Description of the task:
Copy out exactly, and only, the lines from the one containing "Michael Kors Sullivan" through the end of the entries. No pictures.

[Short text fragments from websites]
___

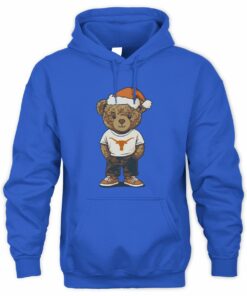 Texas Longhorns Santa Hat Bear Game Day Hoodie
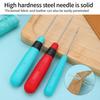 4 Pcs Stitcher Sewing Awl Shoes Bag Repair Tool Sewing Accessories Hand Awl Tool Handmade Leather Tool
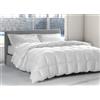 Vico Casa Piumino letto una piazza e mezzo MADE IN ITALY in piuma d'oca naturale, 5 punti di calore EXTRA WARM/Piumone anallergico ad una piazza e mezzo 200x200cm, fodera in cotone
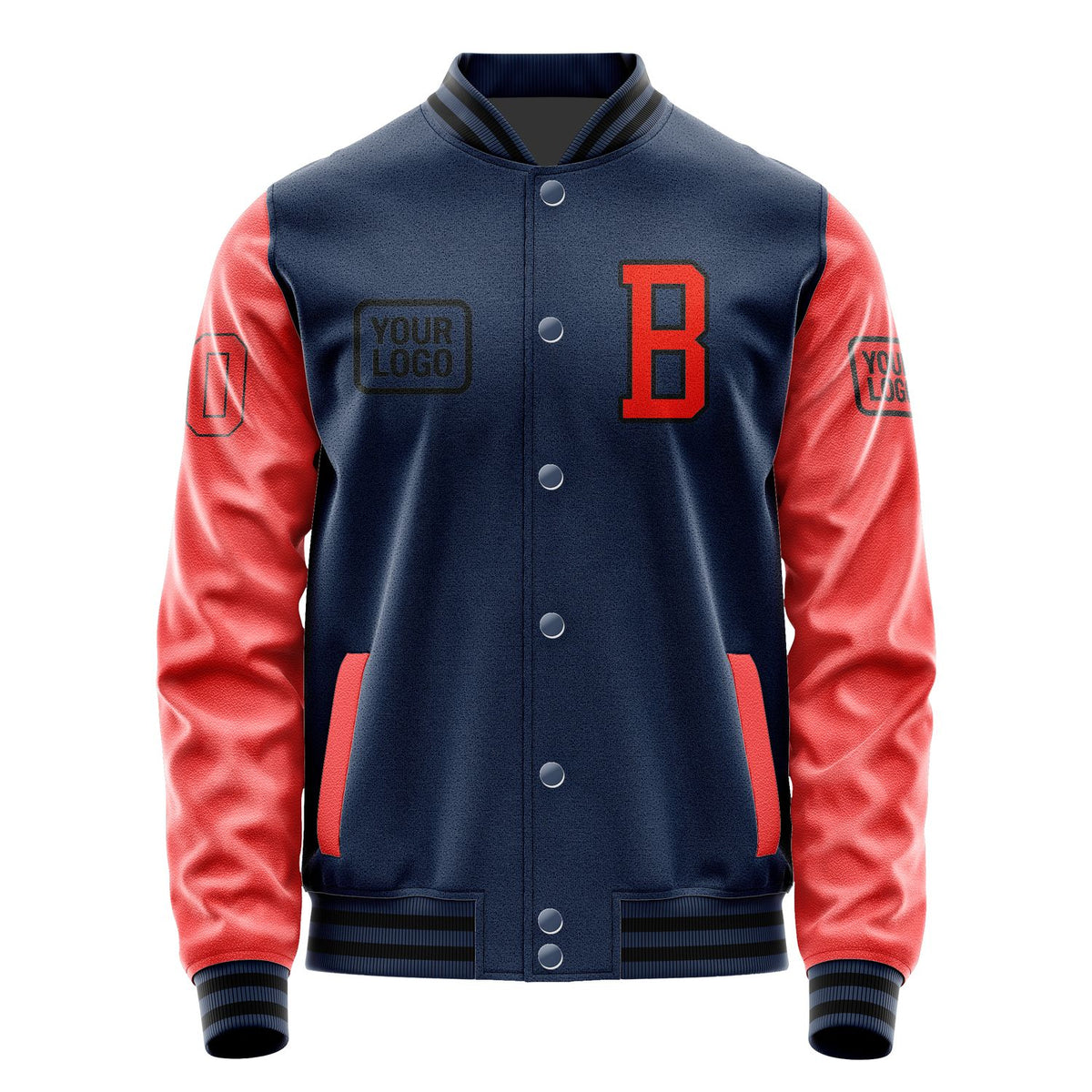 Custom Blue Orange Red Jacket JA101012101717121217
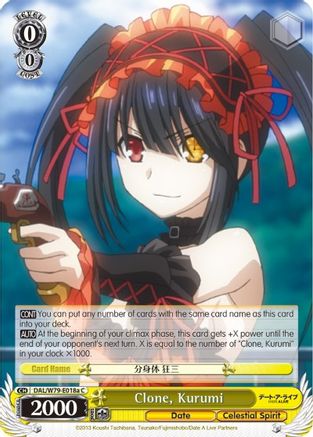 Clone, Kurumi (A) (DAL/W79-E018a C) - Date A Live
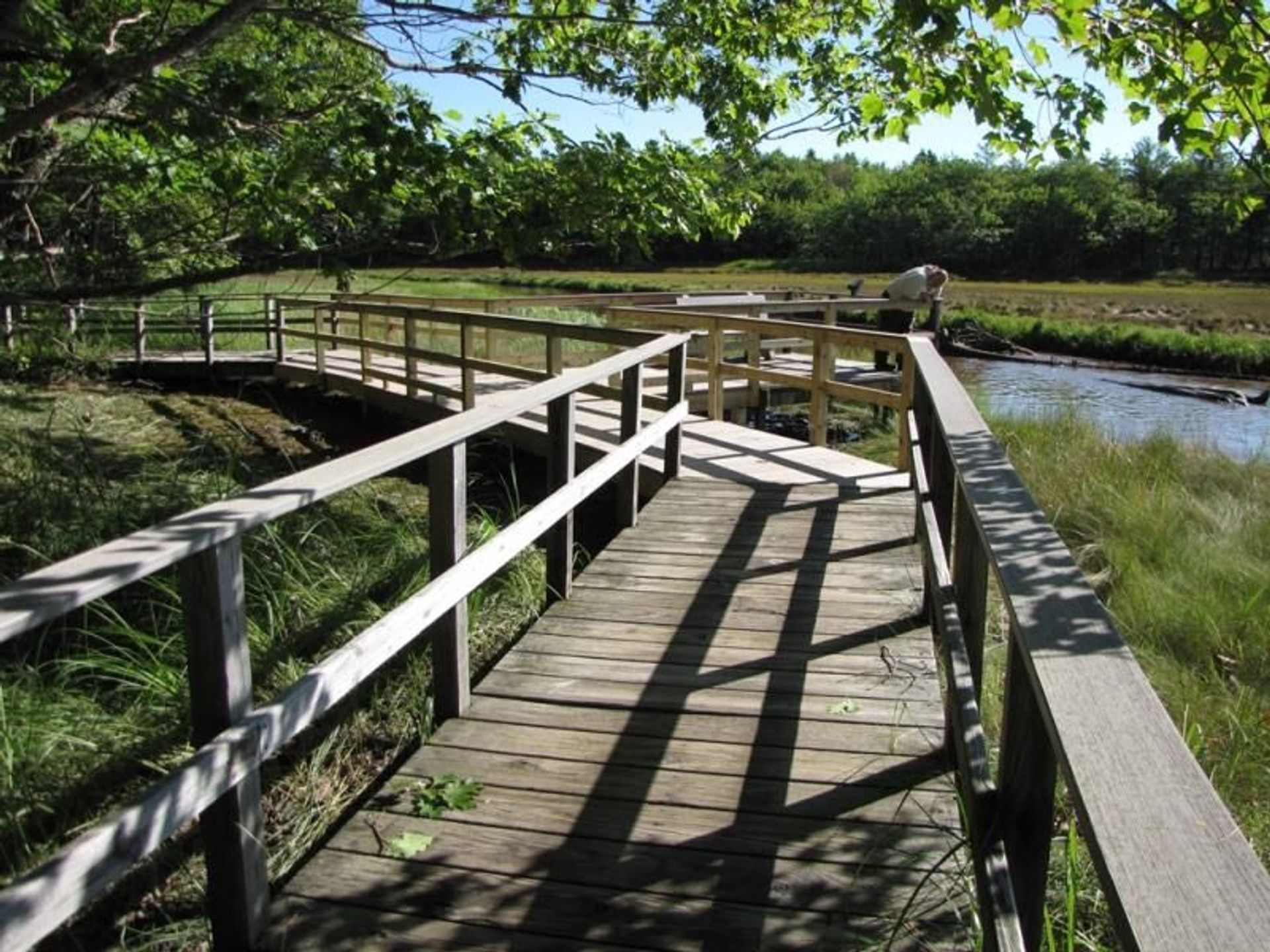 This Hurricane Sandy recovery project repaired damages to a section of boardwalk on the Carson Trail. Photo by USFS.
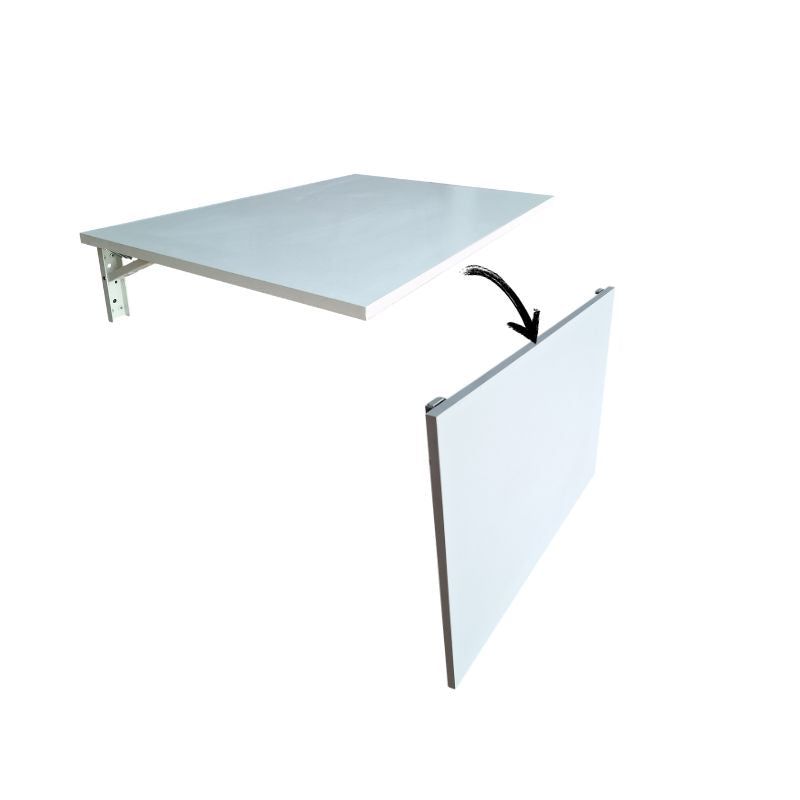 Eezy Fold Down Wall Mounted Desk Table 80x50cm - White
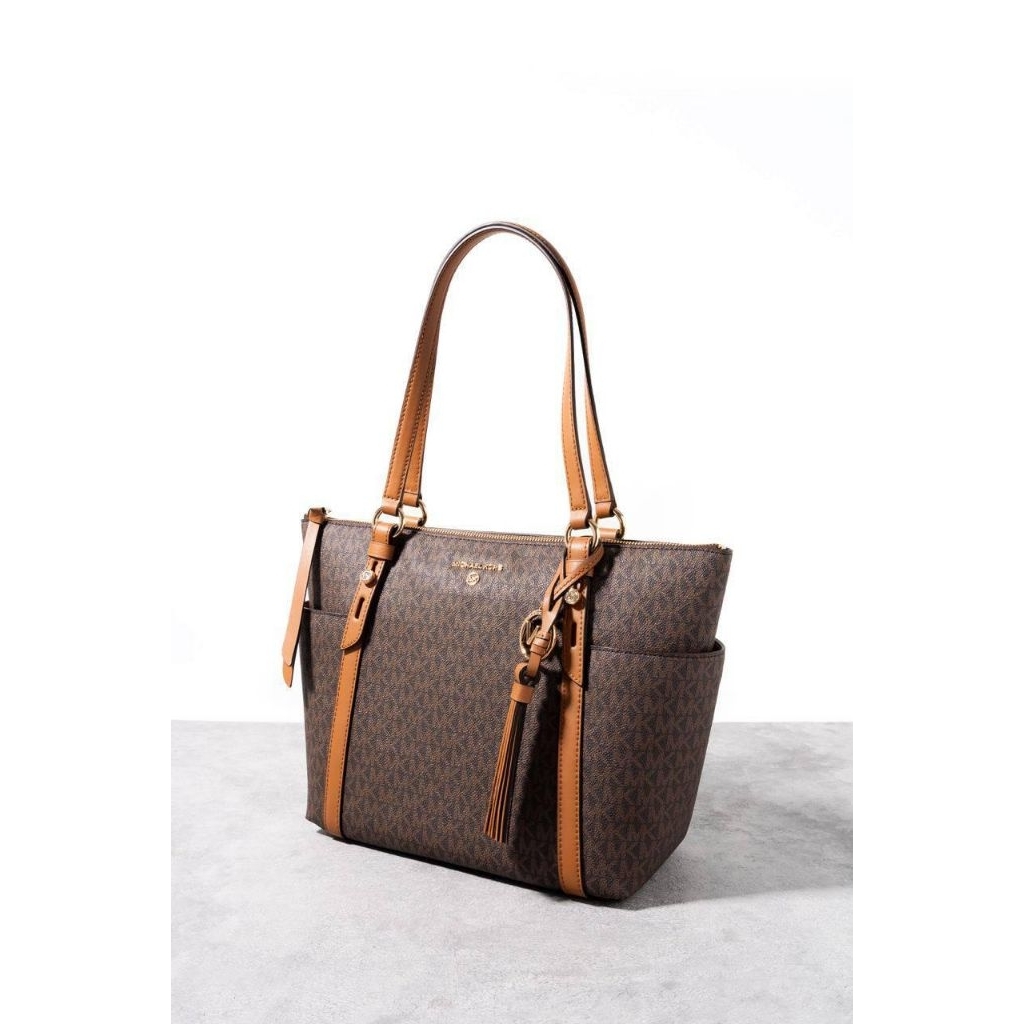 Michael Kors Sullivan medium monogram tote bag
Brown - Acorn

___

Exercise response:
 Michael Kors Sullivan medium monogram tote bag
Brown - Acorn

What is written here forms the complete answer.